Question

The probability of hitting a target is 1/10 then find the minimum number of trials so that the probability of at least one success is greater than 1/4 is:

Answer 1

$\displaystyle\huge\red{\underline{\underline{Solution}}}$

FORMULA TO BE IMPLEMENTED

Bernoulli Trials

Under same condition if an experiment is repeated n times.

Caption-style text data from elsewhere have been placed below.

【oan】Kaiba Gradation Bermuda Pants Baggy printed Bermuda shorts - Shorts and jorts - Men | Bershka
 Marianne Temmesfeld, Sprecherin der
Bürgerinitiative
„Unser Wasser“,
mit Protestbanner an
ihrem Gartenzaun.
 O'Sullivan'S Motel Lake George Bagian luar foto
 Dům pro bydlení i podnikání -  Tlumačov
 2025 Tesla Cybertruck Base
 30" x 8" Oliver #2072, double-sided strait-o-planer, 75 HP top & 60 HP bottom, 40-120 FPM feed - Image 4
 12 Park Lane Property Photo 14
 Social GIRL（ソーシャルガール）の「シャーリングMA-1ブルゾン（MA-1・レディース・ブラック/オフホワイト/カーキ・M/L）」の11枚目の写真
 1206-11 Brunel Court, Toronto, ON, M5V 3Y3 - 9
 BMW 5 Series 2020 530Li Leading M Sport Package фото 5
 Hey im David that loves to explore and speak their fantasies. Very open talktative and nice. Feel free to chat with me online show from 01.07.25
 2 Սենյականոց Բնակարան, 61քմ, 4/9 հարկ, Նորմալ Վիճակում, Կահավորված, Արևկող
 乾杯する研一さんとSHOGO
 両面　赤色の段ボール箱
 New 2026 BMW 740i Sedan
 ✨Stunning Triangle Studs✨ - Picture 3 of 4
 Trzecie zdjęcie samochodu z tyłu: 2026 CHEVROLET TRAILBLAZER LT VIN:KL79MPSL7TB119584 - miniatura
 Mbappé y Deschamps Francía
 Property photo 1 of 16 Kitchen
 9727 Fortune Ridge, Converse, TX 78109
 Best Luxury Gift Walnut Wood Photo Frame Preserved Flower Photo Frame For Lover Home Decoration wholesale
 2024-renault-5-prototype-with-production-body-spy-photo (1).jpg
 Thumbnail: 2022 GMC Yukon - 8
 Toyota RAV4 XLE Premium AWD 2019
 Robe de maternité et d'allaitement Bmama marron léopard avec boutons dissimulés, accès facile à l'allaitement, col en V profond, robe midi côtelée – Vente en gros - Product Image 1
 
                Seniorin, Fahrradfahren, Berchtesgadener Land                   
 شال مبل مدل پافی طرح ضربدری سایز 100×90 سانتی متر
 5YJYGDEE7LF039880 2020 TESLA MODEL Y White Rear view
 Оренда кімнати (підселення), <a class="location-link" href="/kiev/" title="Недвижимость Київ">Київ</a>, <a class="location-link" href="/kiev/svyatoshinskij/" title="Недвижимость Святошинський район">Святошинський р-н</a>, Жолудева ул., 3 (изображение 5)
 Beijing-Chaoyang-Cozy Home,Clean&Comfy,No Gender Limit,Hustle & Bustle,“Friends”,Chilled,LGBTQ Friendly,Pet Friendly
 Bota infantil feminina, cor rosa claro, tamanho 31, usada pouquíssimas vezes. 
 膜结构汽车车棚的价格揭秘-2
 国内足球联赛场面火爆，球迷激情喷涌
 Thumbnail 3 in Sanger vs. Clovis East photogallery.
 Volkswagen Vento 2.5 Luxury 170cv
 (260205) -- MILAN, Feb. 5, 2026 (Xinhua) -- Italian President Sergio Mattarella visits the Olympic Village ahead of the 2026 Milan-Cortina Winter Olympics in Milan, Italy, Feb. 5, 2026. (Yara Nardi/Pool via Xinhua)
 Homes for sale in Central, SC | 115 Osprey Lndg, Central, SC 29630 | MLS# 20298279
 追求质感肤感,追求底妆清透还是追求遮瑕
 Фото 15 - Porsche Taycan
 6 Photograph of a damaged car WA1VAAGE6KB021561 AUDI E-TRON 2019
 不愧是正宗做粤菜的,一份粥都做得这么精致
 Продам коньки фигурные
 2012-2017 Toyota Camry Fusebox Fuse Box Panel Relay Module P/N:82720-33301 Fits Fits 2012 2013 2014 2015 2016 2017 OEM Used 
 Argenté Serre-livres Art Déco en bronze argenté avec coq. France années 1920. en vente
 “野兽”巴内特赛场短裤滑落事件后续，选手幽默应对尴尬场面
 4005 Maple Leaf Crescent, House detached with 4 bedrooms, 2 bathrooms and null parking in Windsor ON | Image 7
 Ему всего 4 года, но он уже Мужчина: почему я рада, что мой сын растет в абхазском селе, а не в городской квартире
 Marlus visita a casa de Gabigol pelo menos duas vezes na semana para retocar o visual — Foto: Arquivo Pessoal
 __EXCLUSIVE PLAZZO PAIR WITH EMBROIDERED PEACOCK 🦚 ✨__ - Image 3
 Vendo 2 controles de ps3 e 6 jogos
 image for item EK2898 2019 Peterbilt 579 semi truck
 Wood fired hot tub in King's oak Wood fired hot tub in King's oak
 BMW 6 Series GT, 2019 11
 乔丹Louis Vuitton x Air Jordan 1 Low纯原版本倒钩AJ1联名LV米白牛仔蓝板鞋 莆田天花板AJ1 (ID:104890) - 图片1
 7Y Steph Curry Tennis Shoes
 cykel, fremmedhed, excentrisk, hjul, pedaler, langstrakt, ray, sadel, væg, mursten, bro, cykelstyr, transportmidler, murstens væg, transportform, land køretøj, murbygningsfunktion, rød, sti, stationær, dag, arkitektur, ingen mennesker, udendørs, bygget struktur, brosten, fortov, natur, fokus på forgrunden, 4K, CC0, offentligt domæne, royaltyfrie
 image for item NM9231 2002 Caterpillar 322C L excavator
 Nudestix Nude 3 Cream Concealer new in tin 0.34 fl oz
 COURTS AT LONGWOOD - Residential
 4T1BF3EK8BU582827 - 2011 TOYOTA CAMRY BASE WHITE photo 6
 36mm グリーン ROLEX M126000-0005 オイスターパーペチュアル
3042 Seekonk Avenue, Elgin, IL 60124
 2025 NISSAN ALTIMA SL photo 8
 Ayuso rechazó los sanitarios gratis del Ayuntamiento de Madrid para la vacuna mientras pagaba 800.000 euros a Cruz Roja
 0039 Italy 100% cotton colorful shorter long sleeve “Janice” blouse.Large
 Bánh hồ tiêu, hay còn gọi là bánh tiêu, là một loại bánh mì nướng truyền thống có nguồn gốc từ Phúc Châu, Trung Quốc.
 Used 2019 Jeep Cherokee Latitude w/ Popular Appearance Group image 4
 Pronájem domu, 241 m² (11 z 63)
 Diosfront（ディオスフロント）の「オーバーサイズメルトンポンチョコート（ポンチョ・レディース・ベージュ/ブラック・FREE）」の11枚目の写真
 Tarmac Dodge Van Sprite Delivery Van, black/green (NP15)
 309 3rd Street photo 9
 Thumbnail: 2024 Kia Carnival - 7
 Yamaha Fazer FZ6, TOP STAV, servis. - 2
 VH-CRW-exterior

Then the probability of r success is

$\displaystyle \: = \large^{n}C_r \: \times {p}^{r} \times {(1 - p)}^{n - r}$

where p = probability of success in a single trial

EVALUATION

The probability of hitting a target is

$\displaystyle \: \frac{1}{10}$

So the probability of success

$= \displaystyle \: \frac{1}{10}$

Probability of failure

$= \displaystyle \:1 - \frac{1}{10} = \frac{9}{10}$

Let the minimum number of trials required = n

So the probability of at least one success

$= 1 - P(0)$

$\displaystyle \: = 1 - \large^{n}C_0 \: { \bigg( \frac{1}{10} \bigg)}^{0} \times { \bigg( \frac{9}{10} \bigg)}^{n - 0}$

$\displaystyle \: = 1 - { \bigg( \frac{9}{10} \bigg)}^{n }$

By the given condition

$\displaystyle \: 1 - { \bigg( \frac{9}{10} \bigg)}^{n } \geqslant \frac{1}{4}$

$\implies \: \displaystyle \: { \bigg( \frac{9}{10} \bigg)}^{n } \leqslant \: 1 - \frac{1}{4}$

$\implies \: \displaystyle \: { \bigg( \frac{9}{10} \bigg)}^{n } \leqslant \: \frac{3}{4}$

$\implies \: \displaystyle \: n \: log { \bigg( \frac{9}{10} \bigg)} \leqslant \: log \bigg( \frac{3}{4} \bigg)$

$\implies \: \displaystyle \: n(log \: 9 - log \: 10) \leqslant (log3 - log4)$

$\implies \: \displaystyle \: n(0.9542 - 1) \leqslant (0.4771 - 0.6021)$

$\implies \: \displaystyle \: n \times 0.0458 \geqslant 0.125$

$\implies \: \displaystyle \: n \geqslant 2.729$

Hence the minimum number of trials = 3